Authored by Brandy Burgess in Dogs
Published on 10-30-2009
Every responsible pet owner wants the best for their dog, but natural occurrences may sometimes interfere with a dogs’ health. One of the most common conditions that many dogs go through is bladder infections. Bladder infections in dogs can occur because of underlying medical problems or due to old age. The infection begins when bacterium enters the bladder and the body is not able to completely fight off the infection.
Previous medical conditions that interfere with the way that the body fights off infections can contribute to the start of a bladder infection. Conditions such as diabetes can cause excess sugar in the urine which increases bacteria build-up. Other conditions, such as Cushing’s syndrome, can dramatically lower the body’s defense system causing the dog to contract infections much easier. Other risk causes include kidney diseases, bladder stones, incontinence and sometimes even neurologic problems. Middle and older aged dogs are more likely to getting bladder infections, with female dogs more common than males because of a shorter urethra found in females.
Signs and Symptoms
While your dog may not be able to communicate how they are feeling, you may be able to tell if your dog is in pain through crying, whimpering or through their behavior. Much like when a human contracts a bladder infection, painful or burning urination occurs as well as an urgent need to urinate even through there may be little or no urine in the bladder. Other more visible signs of a bladder infection in dogs may be house soiling, straining to urinate or the inability to pass urine, frequent licking of the genital area, or bloody, foul-smelling or cloudy urine. You may see your dog in pain, have a fever, vomit or have a lack or appetite and energy.

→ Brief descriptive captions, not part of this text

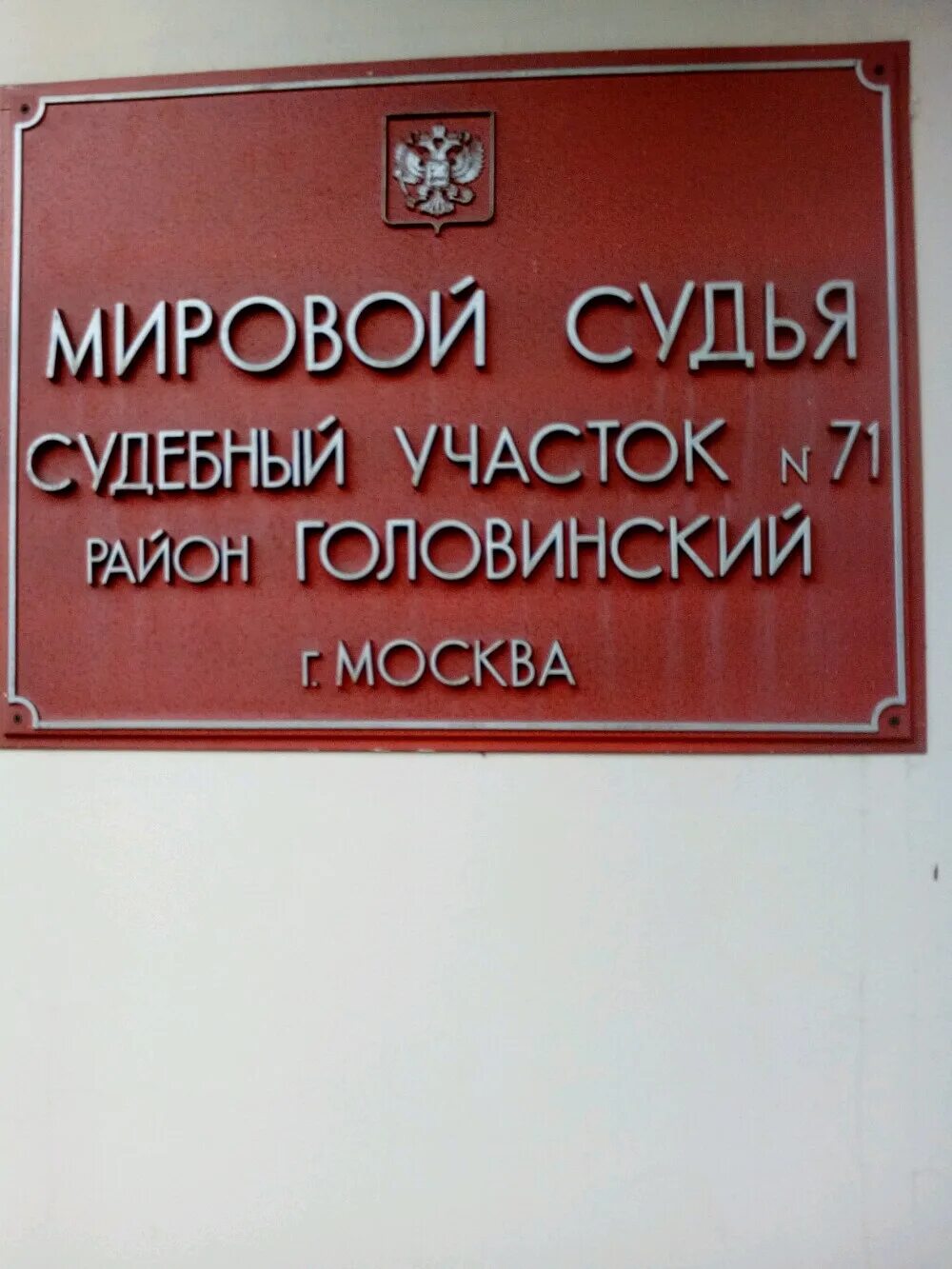 71 судебный участок. Мировой судья головинского района. судебный участок 71 головинского района. мировой судья 1-й лихачёвский пер., 8, 125438. головинский суд г москвы.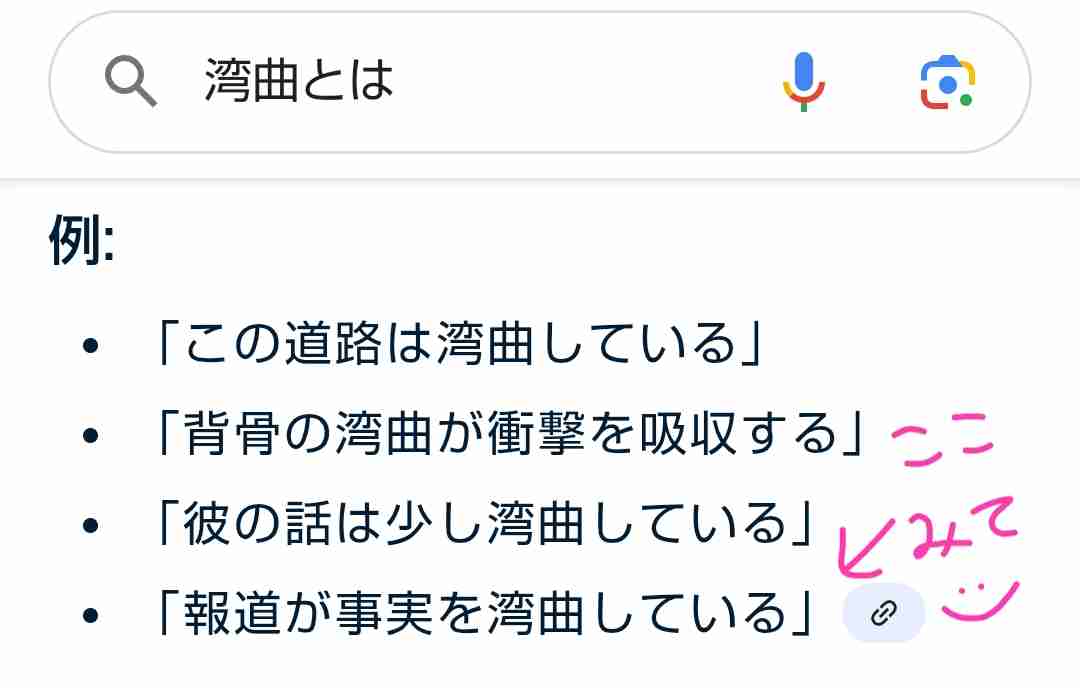参政党に投票して後悔している人いますか？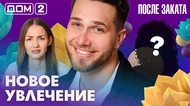 ДОМ-2. После заката (эфир от 2.04.2026)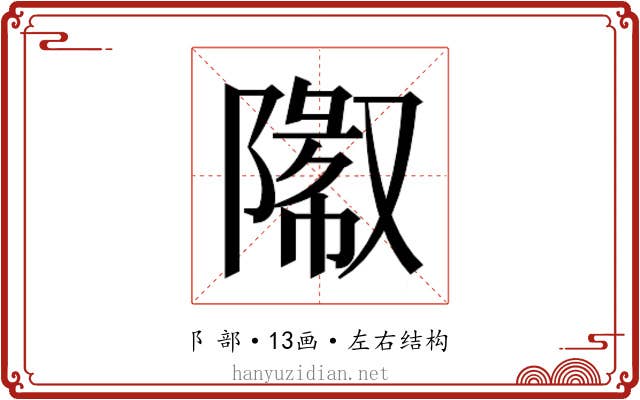 𬯓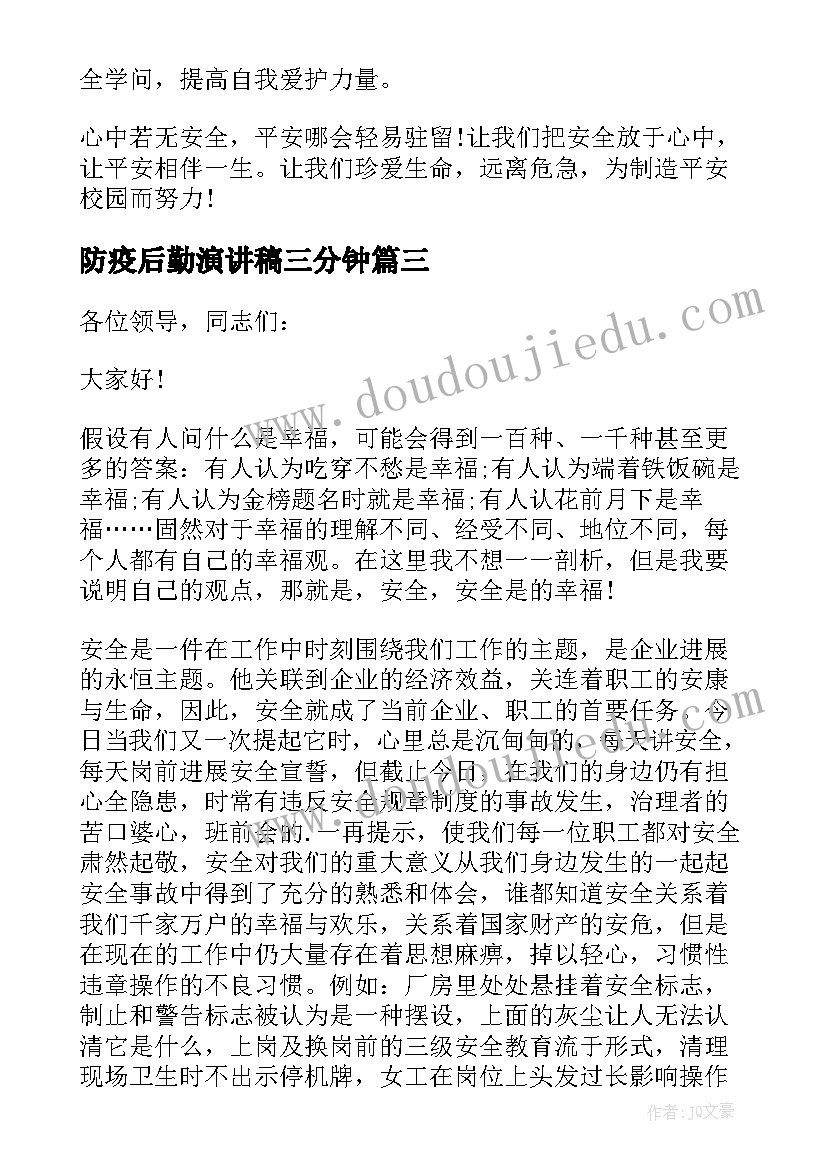 2023年防疫后勤演讲稿三分钟 防疫安全演讲稿(通用5篇)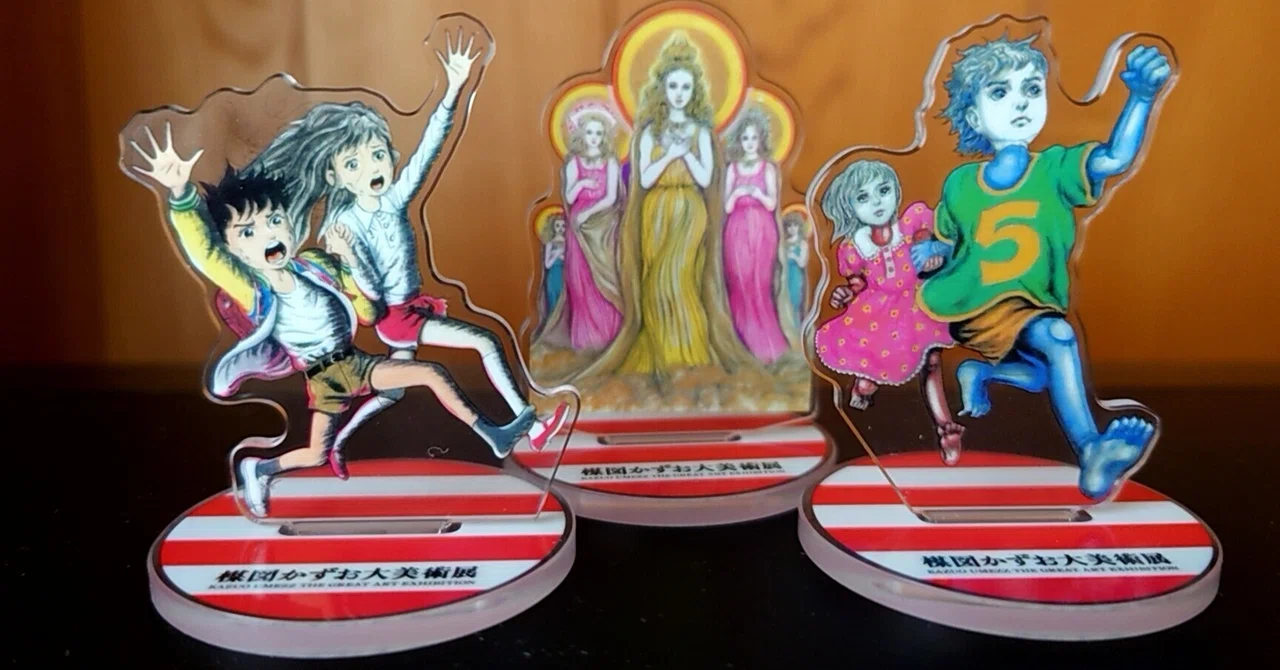 楳図かずお大美術展に行ってきました。｜メイプルジャム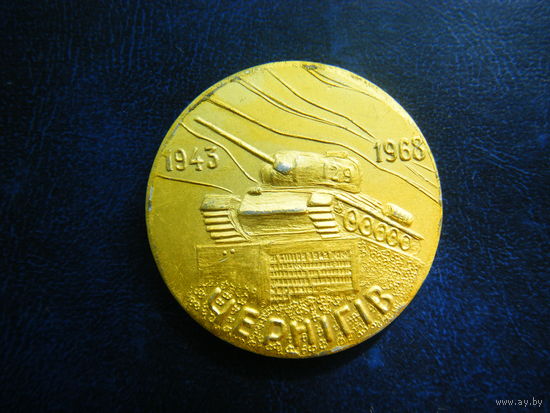 Медаль  1968г. из СССР. 25 лет Освобождения Чернигова.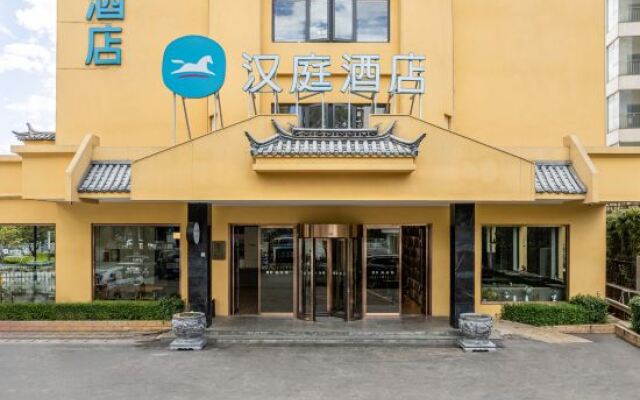 Hanting Hotel (Lijiang Old Town Airport Bus Statio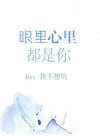 眼里心里都是你 眼里心里都是你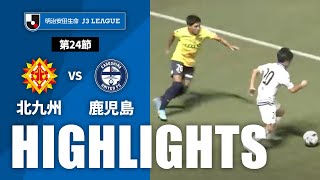 ギラヴァンツ北九州vs鹿児島ユナイテッドＦＣ J3リーグ 第24節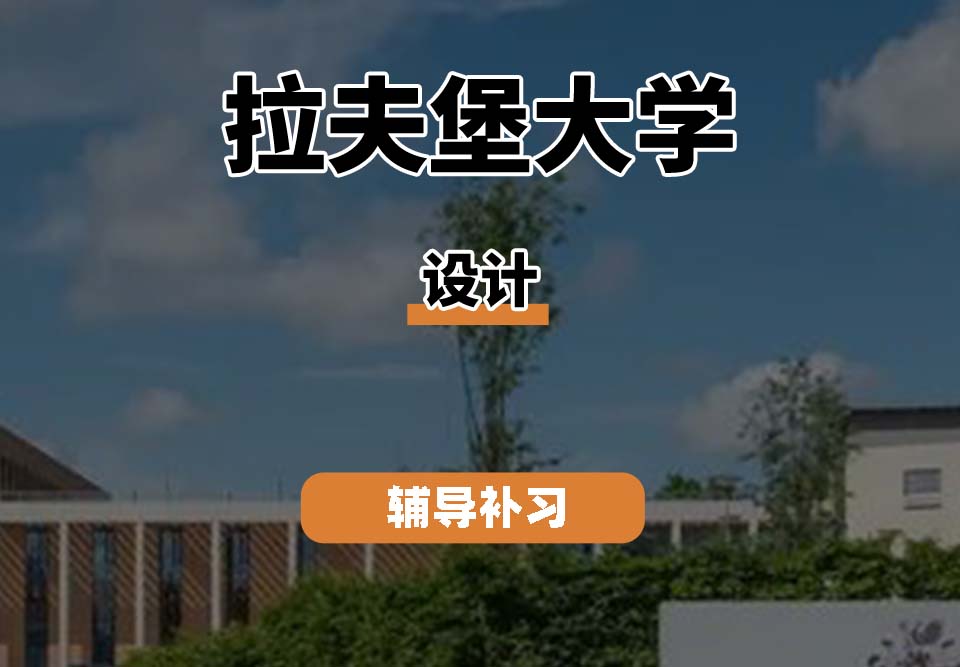 拉夫堡大学LU设计辅导补习补课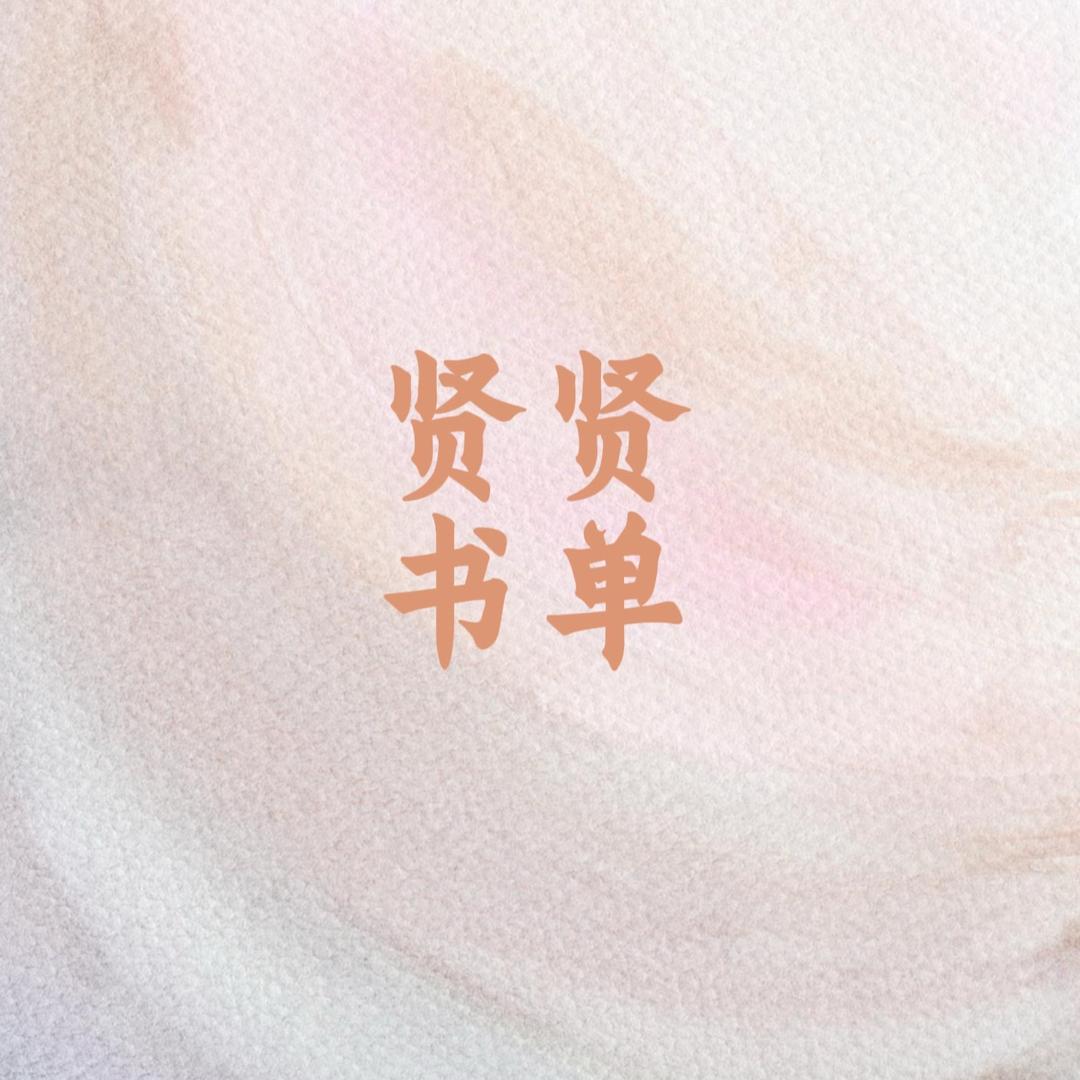 贤贤书单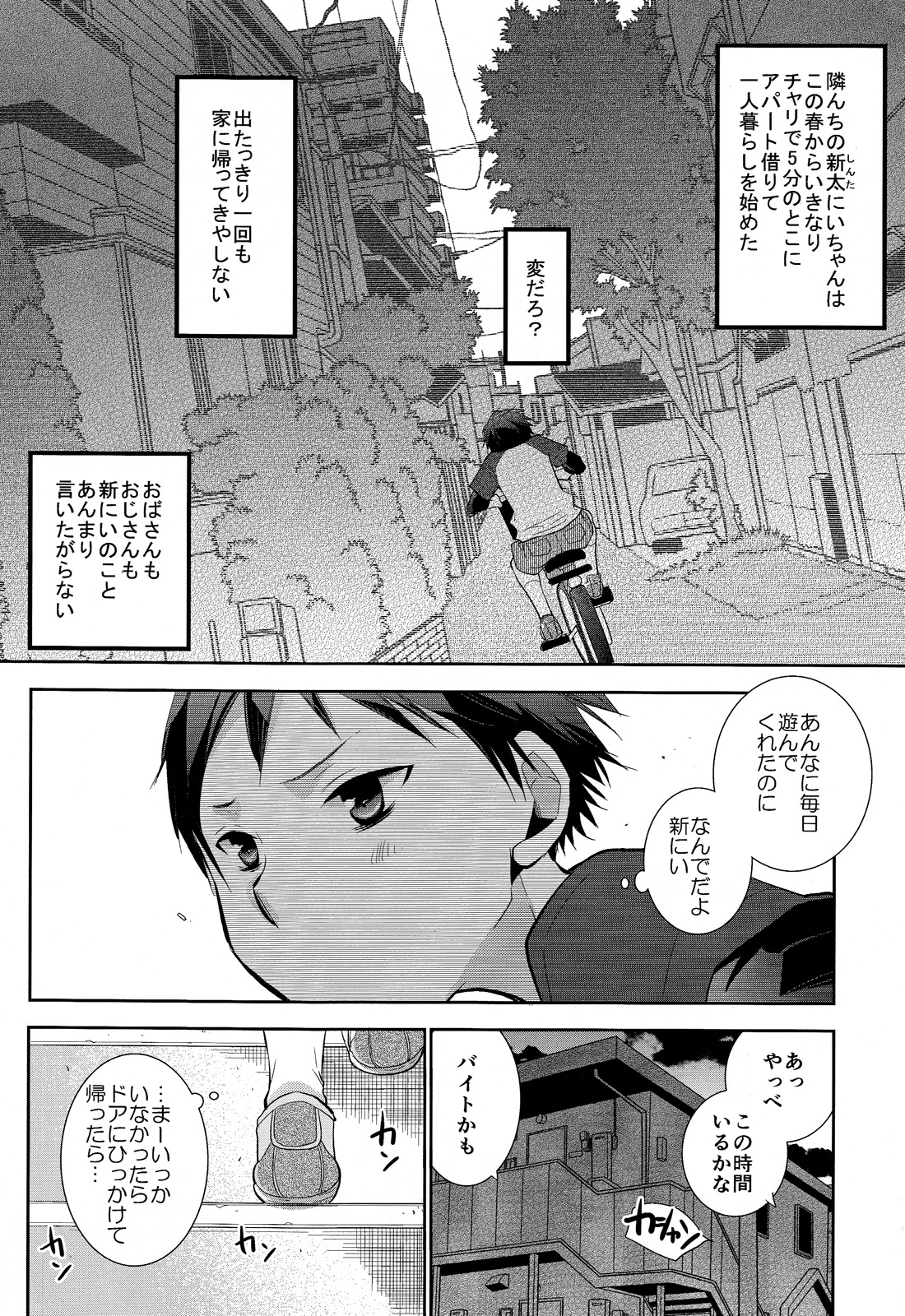 (しょたふる!) [dog-ear (りーるー)] にいちゃんち。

If you see the signs and symptoms listed above and think that your dog may have a bladder infection, it’s important to bring it to a veterinarian immediately. The vet will begin by feeling the bladder for stones, tenderness or firmness. A urine sample from the dog will then by collected to test for bacteria, blood, protein, white blood cells, sugars, and any other type of abnormality. The vet will also check the pH level and concentration of the dogs’ urine. Urine samples can be collected three different ways. The first way is by free catching while urinating, the second is by catheterization and the third is by cystocentesis. Reoccurring bladder infections may need additional testing.
Treatment for a bladder infection in dogs is simple and very similar to bladder infections in humans. Treatment usually involves 14 days of antibiotics and a urine culture to discover which type of bacteria is involved in the infection. For dogs with diabetes, insulin may be required to treat the diabetes and the infection. For reoccurring bladder infections, your vet may prescribe a long-term, lose-dose antibiotic therapy to help the dog urinate properly for a longer period of time. Always have your dog checked for underlying diseases to rule out other causes of the bladder infections to keep your dogs life happy and long.